As $\pi(g)v := g\cdot v$ (where as $G \subseteq \mathbb C[G]$ the product $g \cdot v$ is meant to be in the module) is one representation, this would be then the only one.
Suppose that $V$ is any finite dimensional $\mathbb{C}G$ module (I don't need to assume irreducible). Given any basis $\{v_1,\ldots,v_n\}$ I can write $$g.v_j=\sum_{i=1}^na_{ij}(g)v_i \;\;\;(j=1,\ldots,n)$$ for some scalars $a_{ij}(g)$. The assignment $\pi:G\to\mathrm{GL}(V)$, $g\mapsto (a_{ij}(g))_{i,j=1}^n$, defines a representation of $G$ and every representation can be obtained in this way.
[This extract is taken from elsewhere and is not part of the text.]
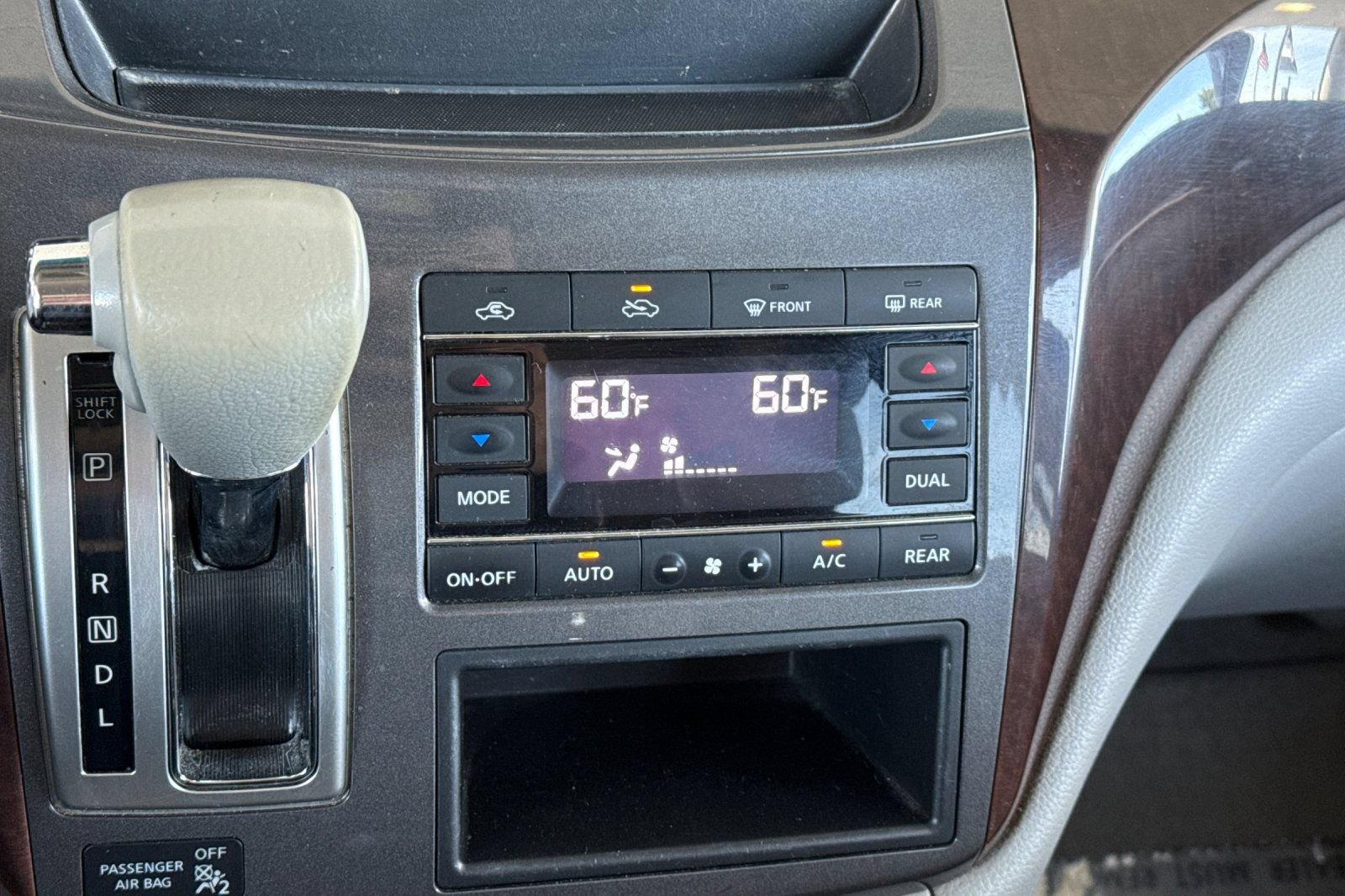 Used 2016 Nissan Quest SV FWD image 27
The degree of freedom one has to define such a representation is a choice of basis. In particular, if $\pi,\pi':G\to\mathrm{GL}(V)$ are representations of the same $G$-module $V$, then there exists an invertible linear transformation $\phi:V\to V$ such that $$\phi\pi(g)=\pi'(g)\phi\;\;\;\mbox{for all }g\in G.$$ In other words, $\pi'(g)=\phi\pi(g)\phi^{-1}$ are conjugate matrices for every $g\in G$.
Added: Based on you're comment, there seems to be a need for a review of some linear algebra. Let's say $\{w_1,\ldots,w_n\}$ is another basis and $$g.w_j=\sum_ib_{ij}(g)w_i$$ so that $\pi'(g)=(b_{ij}(g))_{ij}$ is the corresponding representation. Since $\{v_i\}$ and $\{w_i\}$ are two bases, we can write $$v_j=\sum_{k}c_{kj}w_k$$ for some invertible matrix $(c_{ij})_{i,j}$. Then, at the level of $\mathbb{C}G$-modules, we have \begin{align*} g.v_j&=g.\left(\sum_k c_{kj}w_k\right)\\ &=\sum_{i,k}b_{ik}(g)c_{kj}w_i \end{align*} and \begin{align*} g.v_j&=\sum_ka_{kj}(g)v_k\\ &=\sum_ka_{kj}(g)v_k=\sum_{i,k}c_{ik}a_{kj}(g)w_i \end{align*} Therefore, taking the difference, $$0=\sum_i\left(\sum_k(b_{ik}(g)c_{kj}-c_{ik}a_{kj}(g))\right)w_i$$ Now, using the fact that $\{w_i\}$ is a basis, we have $$\sum_{k}c_{ik}a_{kj}(g)=\sum_{k}b_{ik}(g)c_{kj}$$ for all $i,j$.
Let $\phi:V\to V$ be the invertible linear transformation $\phi(v_i)=\sum_kc_{ki}w_k$. Then, the computation above shows that on the level of representations $\phi\pi(g)=\pi'(g)\phi$ as stated above.